Heartbreaking pics show stunning tropical islands in Australia suffocated by 238 tonnes of discarded single-use plastic

THE PARADISE tropical islands of Australia are being suffocated by an astonishing 414 million pieces of plastic – including 373,000 toothbrushes.

Shocking pictures show the once white sandy beaches of the Cocos Islands choking on a monstrous 238 tonnes of bottle caps, straws and flip-flops.

The remote islands, formerly described as "heaven on earth" by travel writers, are positioned between Australia and Sri Lanka in the Indian Ocean.

Only two of its 27 coral islands, which are surrounded by miles of stunning crystal clear waters, are inhabited.

The islands are lined with exotic palm trees while its turquoise waters offer world-class diving, snorkelling and fishing.

But researchers from the University of Tasmania revealed the territory is home to 11 times more plastic litter than the highest density of plastic pollution reported in the world.

Dr Jennifer Lavers, who led the study, grabbed global headlines in May 2017 when she revealed beaches on Henderson Island in the South Pacific had was the most plastic-polluted place on earth.


While the density of plastic debris on Cocos Islands beaches is lower than on Henderson, the total volume dwarfs the 38 million pieces, or 17 tonnes found on the Pacific island.

Dr Lavers said: "Islands such as these are like canaries in a coal mine and it's increasingly urgent that we act on the warnings they are giving us.

"Plastic pollution is now ubiquitous in our oceans and remote islands are an ideal place to get an objective view of the volume of plastic debris now circling the globe.

"Our estimate of 414 million pieces weighing 238 tonnes on Cocos is conservative, as we only sampled down to a depth of 10cm and couldn't access some beaches that are known debris hotspots."
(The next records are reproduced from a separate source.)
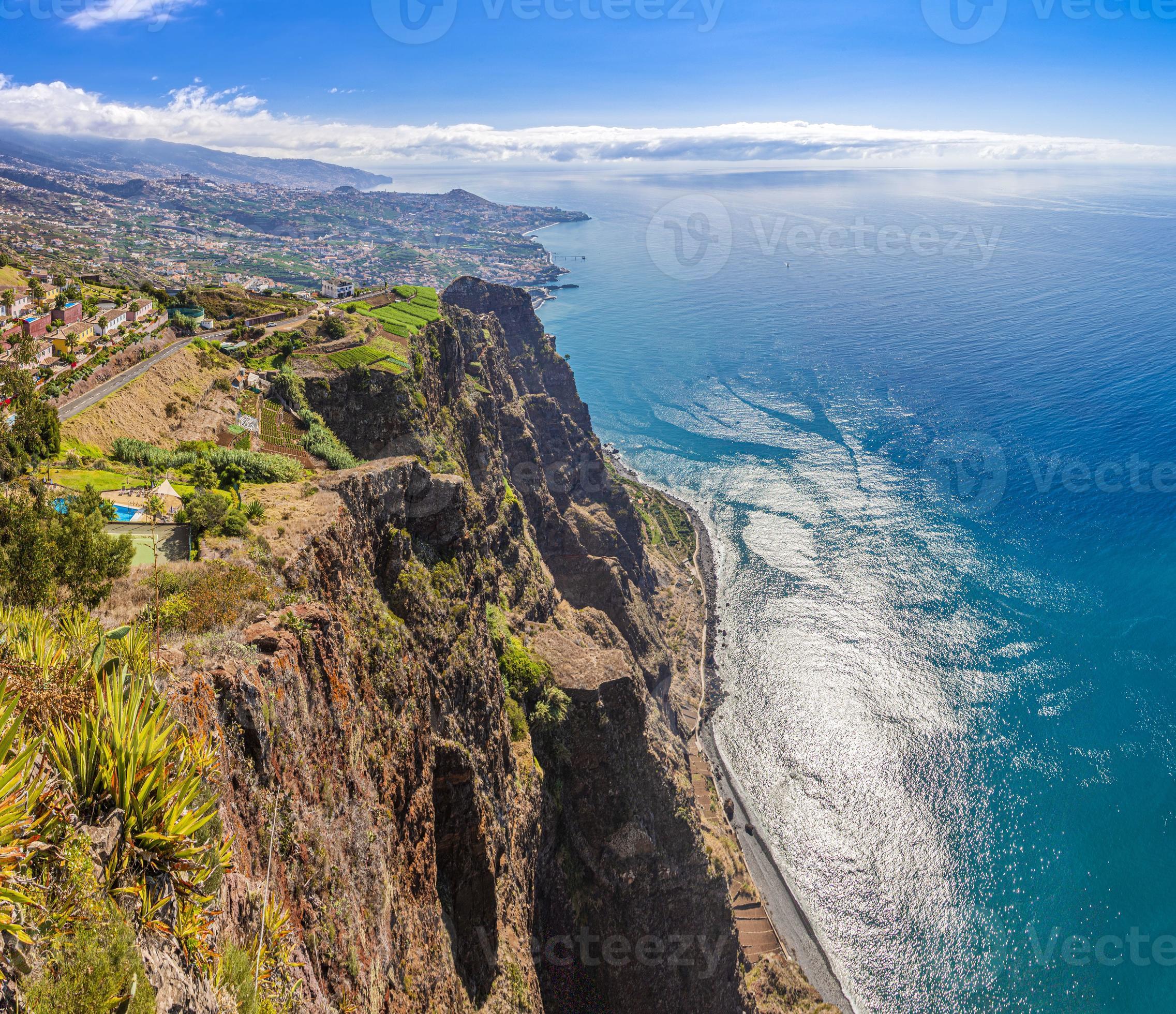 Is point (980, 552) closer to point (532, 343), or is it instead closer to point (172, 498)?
point (532, 343)

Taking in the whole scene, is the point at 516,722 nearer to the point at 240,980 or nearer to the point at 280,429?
the point at 280,429

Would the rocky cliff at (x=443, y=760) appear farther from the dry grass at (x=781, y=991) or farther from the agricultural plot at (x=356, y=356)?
the agricultural plot at (x=356, y=356)

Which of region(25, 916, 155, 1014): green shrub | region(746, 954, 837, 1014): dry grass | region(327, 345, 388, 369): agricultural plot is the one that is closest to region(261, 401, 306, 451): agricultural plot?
region(327, 345, 388, 369): agricultural plot

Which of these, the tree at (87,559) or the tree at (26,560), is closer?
the tree at (26,560)

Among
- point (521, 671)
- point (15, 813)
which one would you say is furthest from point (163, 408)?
point (15, 813)

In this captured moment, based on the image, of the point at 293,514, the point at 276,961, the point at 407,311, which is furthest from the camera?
the point at 407,311

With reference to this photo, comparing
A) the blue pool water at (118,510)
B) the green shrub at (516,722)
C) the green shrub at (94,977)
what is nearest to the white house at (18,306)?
the blue pool water at (118,510) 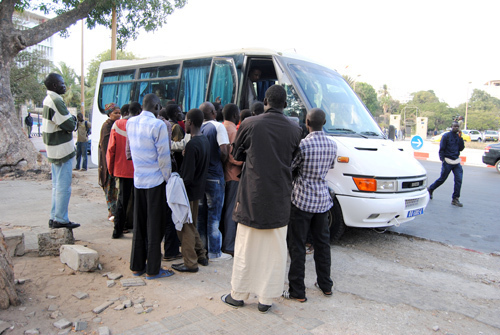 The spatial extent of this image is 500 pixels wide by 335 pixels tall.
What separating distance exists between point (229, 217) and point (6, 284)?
2.48 meters

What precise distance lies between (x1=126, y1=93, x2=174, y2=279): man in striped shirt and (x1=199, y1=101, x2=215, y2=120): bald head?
2.30ft

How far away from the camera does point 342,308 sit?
351 centimetres

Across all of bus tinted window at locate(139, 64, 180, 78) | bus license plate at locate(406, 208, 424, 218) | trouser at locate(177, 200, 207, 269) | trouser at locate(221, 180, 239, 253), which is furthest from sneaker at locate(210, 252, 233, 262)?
bus tinted window at locate(139, 64, 180, 78)

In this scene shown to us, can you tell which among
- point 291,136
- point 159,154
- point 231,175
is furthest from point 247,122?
point 231,175

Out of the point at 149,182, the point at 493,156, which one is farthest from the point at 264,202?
the point at 493,156

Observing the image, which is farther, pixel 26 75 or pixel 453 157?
pixel 26 75

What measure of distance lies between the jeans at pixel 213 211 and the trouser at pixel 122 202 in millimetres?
1252

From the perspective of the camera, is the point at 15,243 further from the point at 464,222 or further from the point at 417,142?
the point at 417,142

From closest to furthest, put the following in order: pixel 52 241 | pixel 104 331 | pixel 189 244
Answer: pixel 104 331 → pixel 189 244 → pixel 52 241

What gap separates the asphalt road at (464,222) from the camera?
19.4 ft

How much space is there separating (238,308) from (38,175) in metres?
9.50

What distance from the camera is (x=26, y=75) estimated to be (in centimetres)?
2822

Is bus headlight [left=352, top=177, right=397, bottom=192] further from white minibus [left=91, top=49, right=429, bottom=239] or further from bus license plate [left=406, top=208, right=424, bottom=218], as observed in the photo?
bus license plate [left=406, top=208, right=424, bottom=218]

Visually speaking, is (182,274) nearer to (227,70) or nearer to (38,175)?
(227,70) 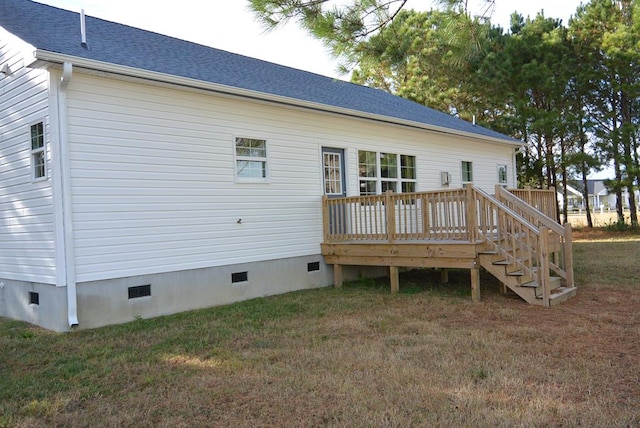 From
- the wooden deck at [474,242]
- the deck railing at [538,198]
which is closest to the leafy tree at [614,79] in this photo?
the deck railing at [538,198]

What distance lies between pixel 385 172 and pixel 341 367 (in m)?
6.96

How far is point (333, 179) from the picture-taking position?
9961 millimetres

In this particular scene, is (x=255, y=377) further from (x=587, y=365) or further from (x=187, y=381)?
(x=587, y=365)

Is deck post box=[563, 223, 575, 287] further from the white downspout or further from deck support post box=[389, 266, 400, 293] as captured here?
the white downspout

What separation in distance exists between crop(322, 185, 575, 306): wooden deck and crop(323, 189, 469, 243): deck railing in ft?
Result: 0.05

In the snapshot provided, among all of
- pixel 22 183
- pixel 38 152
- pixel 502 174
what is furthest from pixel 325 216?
pixel 502 174

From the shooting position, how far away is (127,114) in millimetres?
6855

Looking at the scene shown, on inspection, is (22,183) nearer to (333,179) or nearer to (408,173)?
(333,179)

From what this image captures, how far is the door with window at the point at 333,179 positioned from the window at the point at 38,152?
16.0 ft

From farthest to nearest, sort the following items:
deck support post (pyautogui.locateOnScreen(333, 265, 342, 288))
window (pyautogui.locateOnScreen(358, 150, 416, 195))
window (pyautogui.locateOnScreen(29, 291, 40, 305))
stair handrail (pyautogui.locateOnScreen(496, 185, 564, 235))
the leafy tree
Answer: the leafy tree < window (pyautogui.locateOnScreen(358, 150, 416, 195)) < deck support post (pyautogui.locateOnScreen(333, 265, 342, 288)) < stair handrail (pyautogui.locateOnScreen(496, 185, 564, 235)) < window (pyautogui.locateOnScreen(29, 291, 40, 305))

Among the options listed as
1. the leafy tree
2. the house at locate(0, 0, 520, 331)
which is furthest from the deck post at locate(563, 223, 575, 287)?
the leafy tree

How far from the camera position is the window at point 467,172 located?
13344 mm

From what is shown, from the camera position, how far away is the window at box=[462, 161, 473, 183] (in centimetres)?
1334

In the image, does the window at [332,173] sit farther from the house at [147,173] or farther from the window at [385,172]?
the window at [385,172] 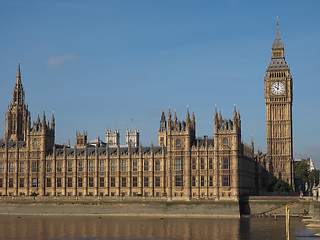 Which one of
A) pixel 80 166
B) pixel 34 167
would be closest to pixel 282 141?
pixel 80 166

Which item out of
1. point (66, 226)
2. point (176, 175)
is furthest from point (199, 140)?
point (66, 226)

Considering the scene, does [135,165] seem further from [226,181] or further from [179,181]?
[226,181]

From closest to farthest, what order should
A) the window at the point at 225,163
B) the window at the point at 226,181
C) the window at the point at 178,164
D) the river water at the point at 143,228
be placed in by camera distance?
the river water at the point at 143,228 → the window at the point at 226,181 → the window at the point at 225,163 → the window at the point at 178,164

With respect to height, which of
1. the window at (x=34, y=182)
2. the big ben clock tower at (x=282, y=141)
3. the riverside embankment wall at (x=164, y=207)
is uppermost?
the big ben clock tower at (x=282, y=141)

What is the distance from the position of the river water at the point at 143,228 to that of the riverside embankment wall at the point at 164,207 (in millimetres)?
7587

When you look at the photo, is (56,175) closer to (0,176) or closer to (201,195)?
(0,176)

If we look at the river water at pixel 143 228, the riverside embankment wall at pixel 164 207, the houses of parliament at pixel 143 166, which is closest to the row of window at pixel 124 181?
the houses of parliament at pixel 143 166

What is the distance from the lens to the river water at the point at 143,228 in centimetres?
10869

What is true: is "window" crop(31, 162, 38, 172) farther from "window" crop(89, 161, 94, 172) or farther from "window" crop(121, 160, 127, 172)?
"window" crop(121, 160, 127, 172)

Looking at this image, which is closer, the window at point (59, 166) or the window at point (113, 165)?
the window at point (113, 165)

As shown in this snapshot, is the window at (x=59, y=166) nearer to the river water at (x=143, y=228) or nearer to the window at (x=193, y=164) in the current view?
the river water at (x=143, y=228)

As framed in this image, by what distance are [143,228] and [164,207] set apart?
31.8m

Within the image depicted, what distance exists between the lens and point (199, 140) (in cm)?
16125

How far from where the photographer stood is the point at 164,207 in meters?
154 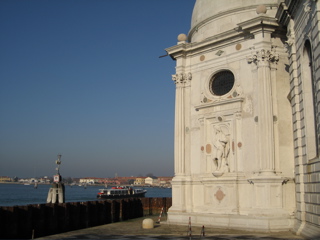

Unlike on Henderson Island, where most identifiable debris was fishing-related, the plastic on Cocos was largely single-use items.


Mostly bottle caps, straws, shoes and thongs washed up, Co-author Dr Annett Finger, from Victoria University in Melbourne, Australia, said.

The distressing discovery comes as global production of plastic continues to increase.

Almost half of the plastic produced over the past 60 years was manufactured in the last 13 years.

Dr Finger said: "An estimated 12.7 million tonnes of plastic entered our oceans in 2010 alone, with around 40 per cent of plastics entering the waste stream in the same year they're produced.

"As a result of the growth in single-use consumer plastics, it's estimated there are now 5.25 trillion pieces of ocean plastic debris.

"Plastic pollution is a well-documented threat to wildlife and its potential impact on humans is a growing area of medical research.

"The scale of the problem means cleaning up our oceans is currently not possible, and cleaning beaches once they are polluted with plastic is time consuming, costly, and needs to be regularly repeated as thousands of new pieces of plastic wash up each day."

She added: "The only viable solution is to reduce plastic production and consumption while improving waste management to stop this material entering our oceans in the first place."